На другой день, 21-го декабря, гарнизон оживился: со стороны крепости Геок-Тепе показался наш транспорт. Я выехал к нему навстречу. Транспорт вел Петрусевич. Точно сейчас вижу, как он еще издали, сидя на своем маленьком сереньком киргизском коне, приветливо раскланивается со мной. Сквозь очки ласково смотрят его добрые голубые глаза. По лицу его можно было угадать, что дела наши идут счастливо и что можно быть спокойным. С транспортом прибыло и несколько моих товарищей. Начались рассказы, точно мы и век не видались. Я узнал, как и следовало ожидать, что неприятель дерется отчаянно и о мирных переговорах нечего и думать. На этот раз к нам было привезено несколько раненых. На другое утро Петрусевич забрал интендантские грузы, орудия, массу артиллерийских снарядов и отправился обратно. С того времени, как войска выступили под крепость, в Самурское почти ежедневно приходили транспорты, под прикрытием небольшого отряда; они привозили раненых, ночевали здесь и на следующее утро, забрав все, что нужно было, уходили обратно под крепость. Мне это было на руку -- пользуясь приходившим прикрытием, я брал из него людей и усиливал на ночь свои посты.

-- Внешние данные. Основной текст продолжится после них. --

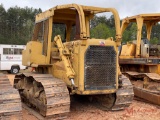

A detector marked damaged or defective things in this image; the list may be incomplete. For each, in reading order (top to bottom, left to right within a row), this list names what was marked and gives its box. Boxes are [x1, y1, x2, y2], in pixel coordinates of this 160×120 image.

rusty metal surface [0, 73, 22, 119]
rusty metal surface [14, 73, 70, 118]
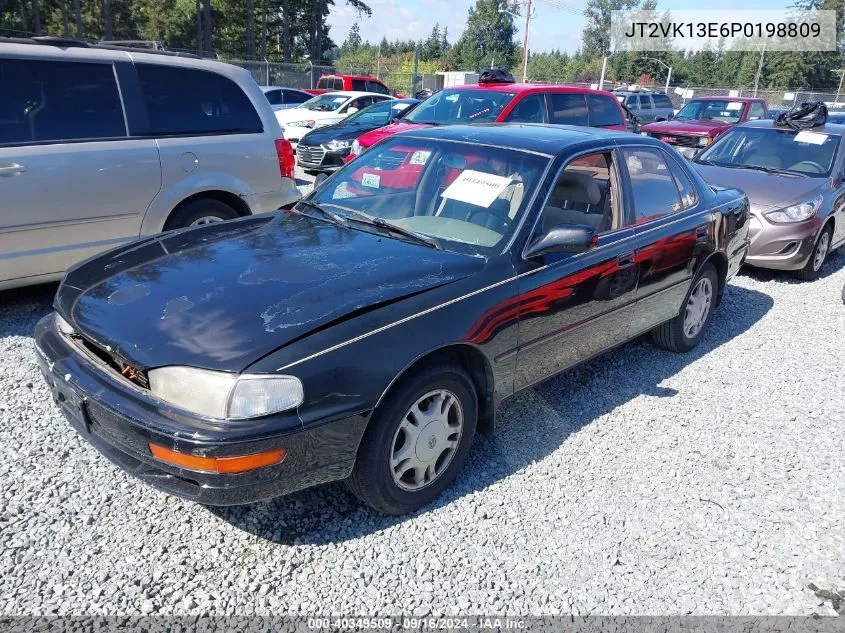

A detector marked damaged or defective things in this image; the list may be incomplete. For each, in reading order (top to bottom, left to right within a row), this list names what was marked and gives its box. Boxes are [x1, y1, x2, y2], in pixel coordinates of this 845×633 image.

Не прошло двух суток, как Петрусевич приводил в Самурское транспорт, у нас распространяется слух, что он убит под Геок-Тепе. Я бегу на гелиографную станцию, которая помещалась на передней стенке калы и переговаривалась с отрядом, и прошу запросить начальника гелиографов, капитана Максимовича, насколько слух справедлив. Через четверть часа получаю ответ от Максимовича: "Генерал Петрусевич убит и похоронен. Пришлите еще несколько юламеек для моей команды".
-- Плохи, плохи наши дела, что-то дальше Господь даст! -- думал я с грустью, возвращаясь назад к себе.